Consider this sentence: "To a conscientious student is a desire to get the assignment done,"
which we might revise as "To a conscientious student, getting the assignment done is very
important" or "A conscientious student always wants to get the assignment done." (Sherbert)
Consider the following sentence: The dog bit the man. The meaning is clear; the dog performed
the action of biting and the man received that action. Now add in these words: Ferocious,
uniformed, baring its teeth, delivering the daily mail. The first two words are easily
incorporated into the sentence: The ferocious dog bit the uniformed man. But the two phrases
can be easily inserted in places that confuse the meaning of the sentence:
Delivering the daily mail, the dog bit the man.
OR –
The dog bit the man baring its teeth.
Both of these are examples of misplaced modifiers. The first example says that the dog was the
one who was delivering the daily mail. The second example says that the man was baring his
teeth. These errors are easily corrected, as long as the student is thinking as s/he reads what s/he
has written and paying attention to the structure and meaning of his/her sentences.
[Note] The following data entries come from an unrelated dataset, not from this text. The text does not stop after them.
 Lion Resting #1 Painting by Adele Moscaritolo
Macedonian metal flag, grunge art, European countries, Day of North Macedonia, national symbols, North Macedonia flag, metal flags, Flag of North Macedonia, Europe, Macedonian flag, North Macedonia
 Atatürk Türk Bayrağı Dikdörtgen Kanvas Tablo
Analyzing syntax in literature
When we examine an author's use of syntax in order to achieve a particular effect in his/her
writing, we are evaluating tangible devices which the author may have manipulated to create an
emotional or intellectual effect. How the author organizes the words creates meaning and effect.
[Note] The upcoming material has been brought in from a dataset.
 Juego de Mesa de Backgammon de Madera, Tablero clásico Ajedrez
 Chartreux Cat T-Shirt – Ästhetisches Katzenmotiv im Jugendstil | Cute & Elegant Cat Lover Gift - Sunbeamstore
Analyzing the way in which the meaning has been communicated to us and the effect it has on us
allows us to more fully appreciate the author's work in crafting that piece of literature.
Examining the author's choices in his/her arrangement of words allows us to better understand
the author's message. Sentence length and patterns&emdash;rhythm, parallelism, word order--all
contribute to the emotional effects of a literary passage. They create connections between the
words, which creates meaning.
What do you look for? The following are common techniques for manipulating syntax:
• unusual (inverted) or unexpected word order. Poets in particular are fond of inverting
word order to make it sound "poetic", rather than just ordinary speech. Look at the
opening line of Robert Frost's poem "Stopping by Woods on a Snowy Evening": "Whose
woods these are I think I know." Frost has avoided conventional word order by reversing
the two units of four words (I think I know whose woods these are).
• sentence length (especially variations in the length of sentences)
• punctuation. Where do commas, semi-colons, and periods fall within the sentence? What
is the relationship between punctuation and stanzas in a poem?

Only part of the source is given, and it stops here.